La société LCDN s’est acquittée le 3 novembre 2020 de la somme de 43 056,92 euros soit un solde dû au 6 novembre 2020 de 96 215,35 euros.
La société LCDN a contesté ce montant et a saisi le tribunal judiciaire de Nanterre aux fins de voir ordonner une compensation entre les créances réciproques des parties et subsidiairement obtenir la suspension des effets de la clause résolutoire.
En réponse à une demande de renouvellement signifiée par la locataire le 23 octobre 2018, par acte d’huissier en date du 18 janvier 2019, la société NHV a notifié à la société LCDN son refus de renouvellement du bail n°1, acte contenant dénégation du droit au statut des baux commerciaux.
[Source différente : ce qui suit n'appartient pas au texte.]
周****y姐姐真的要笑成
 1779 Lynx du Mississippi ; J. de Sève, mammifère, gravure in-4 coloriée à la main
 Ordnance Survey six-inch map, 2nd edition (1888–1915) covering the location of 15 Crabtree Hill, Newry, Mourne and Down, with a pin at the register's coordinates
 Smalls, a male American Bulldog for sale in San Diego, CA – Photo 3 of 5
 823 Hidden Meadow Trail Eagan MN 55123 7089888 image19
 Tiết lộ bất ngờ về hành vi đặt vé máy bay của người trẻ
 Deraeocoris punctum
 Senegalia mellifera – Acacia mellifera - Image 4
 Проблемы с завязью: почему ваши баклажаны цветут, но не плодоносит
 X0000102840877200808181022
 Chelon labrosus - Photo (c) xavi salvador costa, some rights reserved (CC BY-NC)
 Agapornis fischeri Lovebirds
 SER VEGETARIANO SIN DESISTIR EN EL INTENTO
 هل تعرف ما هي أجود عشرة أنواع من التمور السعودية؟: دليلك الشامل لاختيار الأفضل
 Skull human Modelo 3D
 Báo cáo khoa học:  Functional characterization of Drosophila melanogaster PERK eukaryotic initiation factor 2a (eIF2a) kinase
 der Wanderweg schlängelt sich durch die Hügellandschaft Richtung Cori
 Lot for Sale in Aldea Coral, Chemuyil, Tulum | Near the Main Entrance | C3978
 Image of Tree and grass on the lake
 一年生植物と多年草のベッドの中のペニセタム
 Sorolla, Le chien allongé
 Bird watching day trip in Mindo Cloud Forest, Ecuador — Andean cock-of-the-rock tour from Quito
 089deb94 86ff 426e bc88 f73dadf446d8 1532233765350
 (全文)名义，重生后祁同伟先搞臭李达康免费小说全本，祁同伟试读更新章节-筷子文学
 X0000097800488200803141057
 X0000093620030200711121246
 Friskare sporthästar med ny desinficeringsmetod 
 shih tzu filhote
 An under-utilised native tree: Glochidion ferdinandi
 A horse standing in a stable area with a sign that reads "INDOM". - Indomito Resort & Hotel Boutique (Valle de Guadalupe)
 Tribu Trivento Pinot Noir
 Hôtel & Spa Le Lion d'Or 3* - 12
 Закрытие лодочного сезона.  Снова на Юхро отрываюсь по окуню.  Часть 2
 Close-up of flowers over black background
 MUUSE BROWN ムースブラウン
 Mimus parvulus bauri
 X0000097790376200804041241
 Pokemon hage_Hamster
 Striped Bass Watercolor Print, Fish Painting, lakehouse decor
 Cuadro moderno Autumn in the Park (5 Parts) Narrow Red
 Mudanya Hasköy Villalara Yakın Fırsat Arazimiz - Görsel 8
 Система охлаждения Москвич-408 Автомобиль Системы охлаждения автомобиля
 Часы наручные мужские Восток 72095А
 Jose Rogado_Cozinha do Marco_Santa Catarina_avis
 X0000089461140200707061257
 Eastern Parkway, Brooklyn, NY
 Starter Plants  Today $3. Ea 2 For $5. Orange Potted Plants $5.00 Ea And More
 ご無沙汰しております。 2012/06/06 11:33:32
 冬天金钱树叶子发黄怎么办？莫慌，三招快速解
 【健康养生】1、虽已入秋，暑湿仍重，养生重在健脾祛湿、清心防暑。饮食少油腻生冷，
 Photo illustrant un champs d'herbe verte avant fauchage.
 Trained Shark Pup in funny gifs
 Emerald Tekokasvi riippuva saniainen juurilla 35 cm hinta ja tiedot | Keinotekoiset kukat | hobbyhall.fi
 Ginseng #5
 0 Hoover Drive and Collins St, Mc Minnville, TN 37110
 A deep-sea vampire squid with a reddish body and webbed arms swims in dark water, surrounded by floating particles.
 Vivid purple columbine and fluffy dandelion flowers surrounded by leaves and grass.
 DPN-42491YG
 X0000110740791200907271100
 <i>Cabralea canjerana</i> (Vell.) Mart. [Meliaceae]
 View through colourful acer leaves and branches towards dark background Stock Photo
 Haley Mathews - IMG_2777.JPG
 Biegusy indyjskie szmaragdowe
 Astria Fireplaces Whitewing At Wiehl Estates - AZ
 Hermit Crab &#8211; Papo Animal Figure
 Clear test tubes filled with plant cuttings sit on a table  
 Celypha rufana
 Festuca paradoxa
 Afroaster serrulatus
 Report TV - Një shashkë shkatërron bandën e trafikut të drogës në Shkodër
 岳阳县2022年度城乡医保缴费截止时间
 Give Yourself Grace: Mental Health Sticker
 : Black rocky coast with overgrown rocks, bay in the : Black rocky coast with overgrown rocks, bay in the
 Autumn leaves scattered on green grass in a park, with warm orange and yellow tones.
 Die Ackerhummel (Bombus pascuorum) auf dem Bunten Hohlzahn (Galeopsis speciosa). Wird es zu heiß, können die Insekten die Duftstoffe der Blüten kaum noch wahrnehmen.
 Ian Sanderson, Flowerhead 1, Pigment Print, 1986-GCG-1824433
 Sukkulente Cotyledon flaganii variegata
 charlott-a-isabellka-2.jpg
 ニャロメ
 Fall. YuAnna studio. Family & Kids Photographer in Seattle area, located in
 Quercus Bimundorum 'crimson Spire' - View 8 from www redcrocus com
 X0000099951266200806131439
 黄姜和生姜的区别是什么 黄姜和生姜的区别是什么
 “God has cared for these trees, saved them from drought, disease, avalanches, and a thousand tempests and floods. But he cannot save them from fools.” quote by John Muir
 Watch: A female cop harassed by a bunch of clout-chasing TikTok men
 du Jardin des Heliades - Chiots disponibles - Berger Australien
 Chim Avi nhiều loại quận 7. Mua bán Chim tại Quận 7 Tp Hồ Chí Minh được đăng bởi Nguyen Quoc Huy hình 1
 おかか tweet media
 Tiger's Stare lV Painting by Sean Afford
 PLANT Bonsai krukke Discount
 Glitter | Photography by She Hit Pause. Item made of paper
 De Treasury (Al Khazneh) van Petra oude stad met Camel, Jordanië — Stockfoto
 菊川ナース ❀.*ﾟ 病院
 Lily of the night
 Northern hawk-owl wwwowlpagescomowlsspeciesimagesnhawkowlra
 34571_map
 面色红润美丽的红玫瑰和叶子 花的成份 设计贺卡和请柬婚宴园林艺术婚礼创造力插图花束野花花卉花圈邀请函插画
La société LCDN a également saisi le tribunal judiciaire de Nanterre afin qu’il soit jugé que le bail n°1 est soumis au statut des baux commerciaux et qu’il s’est renouvelé aux clauses et conditions antérieures pour une durée de neuf années à compter du 1er janvier 2019.
Par jugement du 5 août 2020, le tribunal de commerce de Nanterre a ouvert une procédure de sauvegarde à l’égard de la société LCDN et a désigné la Selarl El Baze [V], prise en la personne de maître [V], et la société BTSG, mission conduite par maître [T], respectivement en qualité d’administrateur et de mandataire judiciaires.
Par requête afin de constat de résiliation des baux commerciaux, datée du 6 novembre 2020 reçue au greffe du tribunal de commerce de Nanterre le 9 suivant, la société NHV a demandé au juge-commissaire, au visa de l’article L.622-14 du code de commerce, de constater la résiliation des deux baux la liant à la société LCDN pour défaut de paiement des loyers et charges postérieurs au jugement d’ouverture du 5 août 2020.
Par ordonnance du 3 mars 2021, le juge-commissaire a rejeté la demande de la société NHV de constater la résiliation des baux commerciaux au motif qu’une contestation sérieuse était pendante devant le tribunal judiciaire concernant l’existence ou non de ces baux commerciaux.
Le 15 mars 2021, la société NHV a formé un recours contre cette ordonnance devant le tribunal de commerce de Nanterre.
Par jugement du 5 mai 2021, le tribunal a prononcé la liquidation judiciaire du LCDN, mis fin à la mission de l’administrateur judiciaire et nommé la SCP BTSG, prise en la personne de maître [T], en qualité de liquidateur.
Par lettre recommandée datée du 17 mai 2021, le liquidateur a notifié à la société NHV la résiliation des deux baux commerciaux.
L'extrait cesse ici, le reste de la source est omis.